The 2013 Belt and Road Initiative is a project for connectivity and cooperation among countries along China’s ancient trade routes. UnionPay has a presence in “over 50 markets” along the route. It plans to “facilitate the ‘going global’ of China’s financial standards.”

UnionPay points to Kazakhstan as an example. Within 2 years acceptance coverage at ATMs and POS terminals has increased “from 50% and 20% respectively to 80% in both”. It expects the figure to grow to 95% in 2017. More than 1.3 million UnionPay cards have been issued in the country.

Pakistan, another target for the firm, has seen acceptance grow to 70% of ATMs and “almost all” POS terminals. UnionPay has issued 3.4 million cards in Pakistan, giving it the second-largest market share.

UnionPay plans a Russian expansion, too.
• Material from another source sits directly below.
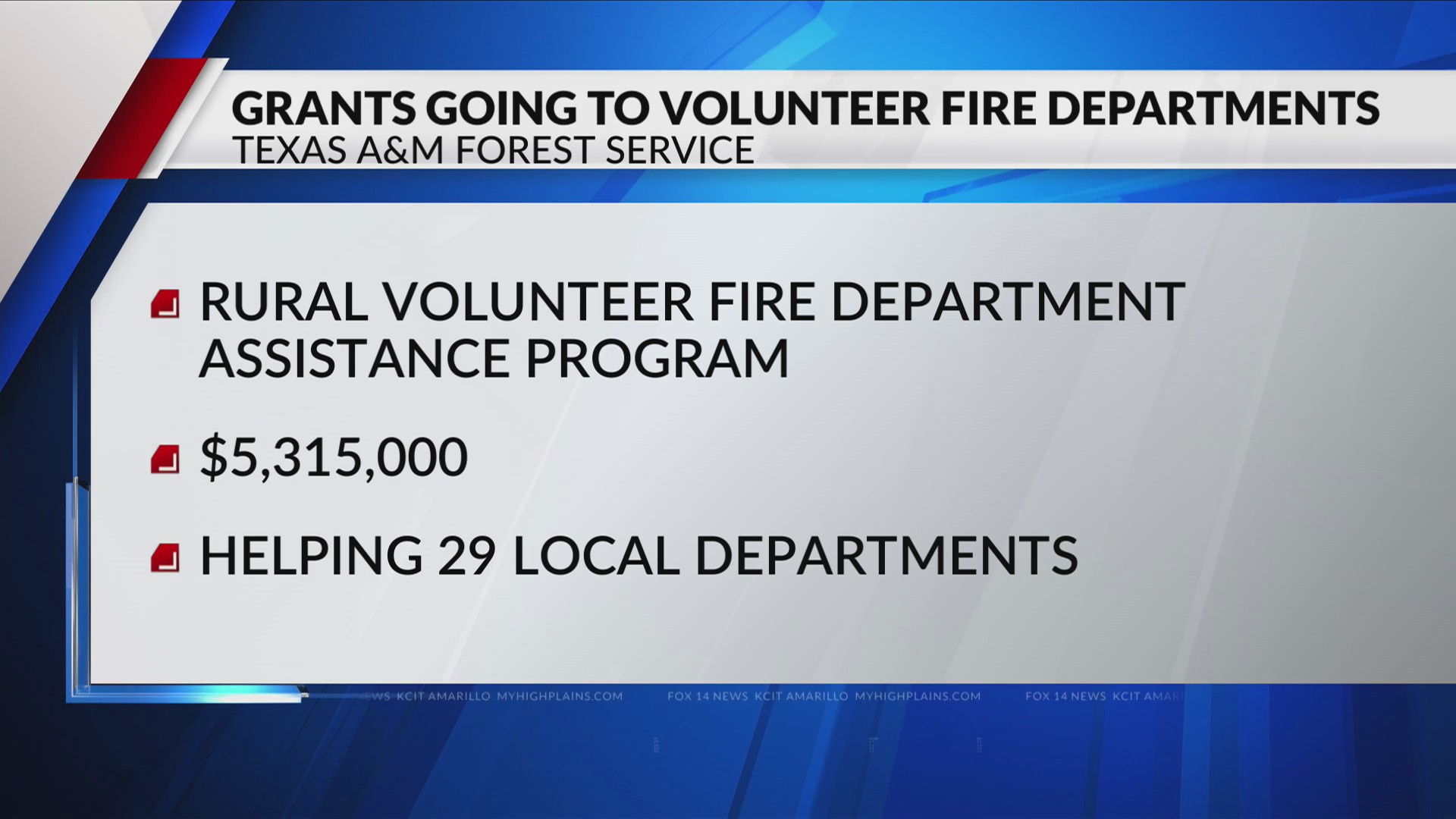 Texas A&M Forest Service awards $164 million to Texas fire departments ...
It aims for 80% acceptance of its cards at all Russian ATMs and POS terminals by the end of 2017.

“Our strategy is to suit our measures to the local conditions in different markets, supporting the personnel exchanges between China and other regions,” says UnionPay International CEO Cai Jianbo.

UnionPay A-OK

Founded in March 2002, UnionPay provides bank card services and a major card scheme in mainland China. It is the only interbank network in China that links all the ATMs of all banks throughout the country.

Last month the firm expanded its influence in Myanmar, part of its global battle with Visa and Mastercard. In 2015 it overtook Visa to become the largest card issuer by value of payments.

The Silk Road Economic Belt

The SREB is the landward phase of the Belt and Road project. The first major expansion in the region was the construction of the New Eurasian Land Bridge, a railway connecting China to Europe through Kazakhstan.

Many of the countries involved in the SREB are already members of the Sian Infrastructure Investment Bank, a multilateral development bank that aims to support the building of infrastructure in the Asia-Pacific region.

Alongside the SREB is the Maritime Silk Road, which aims to fostering growth in Southeast Asia, Oceania, and North Africa.

Chinese General Secretary, Xi Jinping, created a $40 billion development fund to back the Belt and Road scheme in 2014. The Karot Hydropower Station in Pakistan is the first investment project of the Silk Road Fund.

The Belt and Road fund has come under criticism. A report from Fitch Ratings argued that China’s plans were political in nature. The report doubts Chinese banks’ ability to control risks and questions whether the policy is designed to weaken US leadership in Asia.